Stored items:
▼▼▼

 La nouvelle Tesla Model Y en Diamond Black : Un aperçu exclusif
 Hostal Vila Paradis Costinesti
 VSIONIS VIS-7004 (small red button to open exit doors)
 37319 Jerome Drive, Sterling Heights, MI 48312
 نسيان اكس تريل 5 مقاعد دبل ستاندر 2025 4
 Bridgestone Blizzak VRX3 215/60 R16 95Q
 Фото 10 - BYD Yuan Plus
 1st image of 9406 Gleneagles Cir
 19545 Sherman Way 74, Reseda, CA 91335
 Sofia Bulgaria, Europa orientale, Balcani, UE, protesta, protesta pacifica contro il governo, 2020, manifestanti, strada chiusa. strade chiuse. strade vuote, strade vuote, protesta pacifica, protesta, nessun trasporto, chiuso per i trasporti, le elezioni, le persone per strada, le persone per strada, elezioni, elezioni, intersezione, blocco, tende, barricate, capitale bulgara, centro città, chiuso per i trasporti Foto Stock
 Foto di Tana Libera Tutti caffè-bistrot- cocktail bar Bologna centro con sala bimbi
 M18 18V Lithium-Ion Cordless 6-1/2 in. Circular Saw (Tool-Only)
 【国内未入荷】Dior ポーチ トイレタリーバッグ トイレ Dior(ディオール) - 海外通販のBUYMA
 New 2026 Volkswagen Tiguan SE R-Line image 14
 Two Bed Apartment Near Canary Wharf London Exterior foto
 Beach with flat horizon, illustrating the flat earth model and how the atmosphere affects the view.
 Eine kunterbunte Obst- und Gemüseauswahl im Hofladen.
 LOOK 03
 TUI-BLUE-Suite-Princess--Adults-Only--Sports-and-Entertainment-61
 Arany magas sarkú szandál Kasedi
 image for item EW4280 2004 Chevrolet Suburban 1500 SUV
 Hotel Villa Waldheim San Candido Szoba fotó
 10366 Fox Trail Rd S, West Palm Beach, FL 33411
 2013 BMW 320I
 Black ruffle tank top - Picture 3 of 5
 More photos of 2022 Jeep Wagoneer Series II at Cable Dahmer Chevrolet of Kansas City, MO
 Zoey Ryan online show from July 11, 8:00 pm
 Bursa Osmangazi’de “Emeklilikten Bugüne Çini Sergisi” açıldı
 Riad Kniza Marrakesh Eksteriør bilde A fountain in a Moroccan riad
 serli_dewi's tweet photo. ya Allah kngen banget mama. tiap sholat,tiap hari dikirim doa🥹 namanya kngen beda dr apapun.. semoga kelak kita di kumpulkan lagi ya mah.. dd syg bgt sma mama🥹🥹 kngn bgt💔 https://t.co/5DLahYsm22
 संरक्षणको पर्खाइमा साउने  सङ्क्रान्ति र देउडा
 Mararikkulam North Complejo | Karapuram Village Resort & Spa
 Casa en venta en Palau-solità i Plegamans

▲▲▲

## [To do]
Word for word, copy the line containing "2013 BMW 320I" and each line after it to the end of the records, and nothing besides.

## [Solution for this task]
 2013 BMW 320I
 Black ruffle tank top - Picture 3 of 5
 More photos of 2022 Jeep Wagoneer Series II at Cable Dahmer Chevrolet of Kansas City, MO
 Zoey Ryan online show from July 11, 8:00 pm
 Bursa Osmangazi’de “Emeklilikten Bugüne Çini Sergisi” açıldı
 Riad Kniza Marrakesh Eksteriør bilde A fountain in a Moroccan riad
 serli_dewi's tweet photo. ya Allah kngen banget mama. tiap sholat,tiap hari dikirim doa🥹 namanya kngen beda dr apapun.. semoga kelak kita di kumpulkan lagi ya mah.. dd syg bgt sma mama🥹🥹 kngn bgt💔 https://t.co/5DLahYsm22
 संरक्षणको पर्खाइमा साउने  सङ्क्रान्ति र देउडा
 Mararikkulam North Complejo | Karapuram Village Resort & Spa
 Casa en venta en Palau-solità i Plegamans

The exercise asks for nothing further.